Connal PenDragon has always considered himself a loyal knight. When King Richard demands he return to Ireland and marry Sinead DeClare, that loyalty is tested. You see, Sinead is the most notorious witch in Ireland, and he was on the receiving end of her magical powers as a lad.
In her defense, Sinead did not intend to turn the bottom half of Connal into a goat. She was young and had a crush on the budding knight. When he did not return her affections, she lashed out in a fit of pique. Those actions caused Sinead to be bound against using magic for many years, and she is still bound against using it against Connal.
Connal doesn't know this, so he doesn't trust Sinead. Sinead for her part is against the marriage because she views Connal's loyalty to Richard as a betrayal of his Irish heritage. However, something deep inside Sinead tells her Connal is in danger and only she can protect him.
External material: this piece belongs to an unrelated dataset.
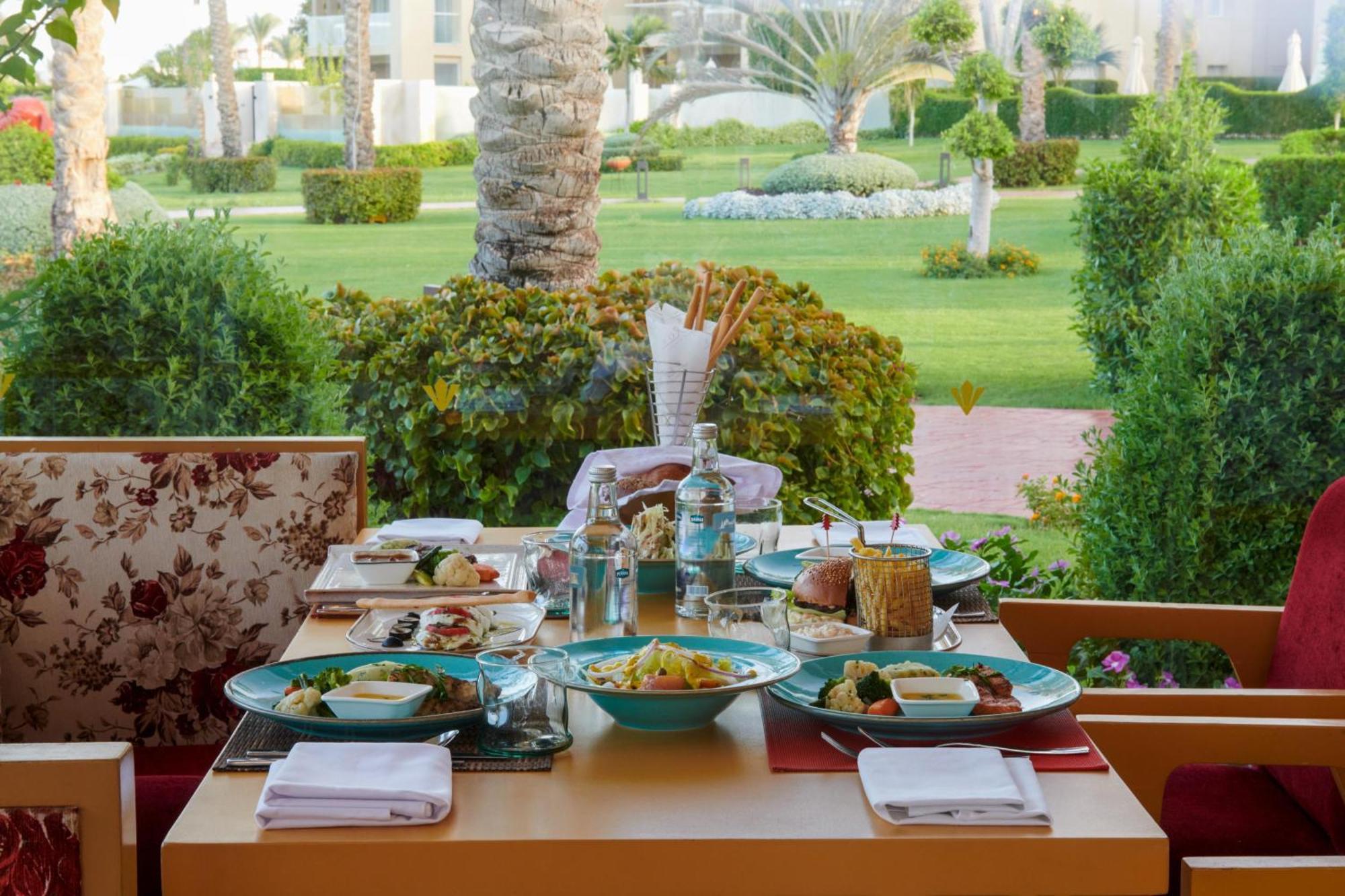 ホテル Rixos Premium Seagate シャルム・エル・シェイク エクステリア 写真 A table set for breakfast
The primary problem with Irish Knight is its constant repetition of events. For example, Connal and Sinead's first three meetings are nearly identical. She accuses Connal of betraying Ireland, he counters with suspicions about her magical powers, she tells him she will not marry him, he says Richard demands it. Once would have been plenty.
This continues through the book, giving the reader the feeling that they were covering the same ground over and over. More time should have been spent on Connal's backstory, the reasons behind his brooding and loyalty to Richard. As it is, these revelations come quite late in the story, and by that time the reader is thoroughly tired of Connal.
Still, the scenes where Sinead uses her powers are magical indeed. Fetzer conjures up rich sensory detail, carrying the reader right to the center of the spell. Particularly effective is the way Sinead's magic is enhanced during her love scenes with Connal. Trees come into leaf, cloaks on the ground meld into soft moss. Fetzer describes the phenomena perfectly, making the magic believable.
Also included in this story is a bit of the Robin Hood legend. Connal and Sinead meet up with Robert of Locksley and Marian. Rather than seem trite or out of place, the bit of the familiar perked up the story as it started to drag. Also, the secondary character of Nahjar, Connal's right hand man, was intriguing. One wishes he could have had a more prominent role in the book, as I found him much more interesting than Connal. It would be nice to see Nahjar in his own story, though not many books feature Moors.
Irish Knight is a blend of historical and paranormal romance. The paranormal segments succeed much better than the rest, but it is an acceptable book.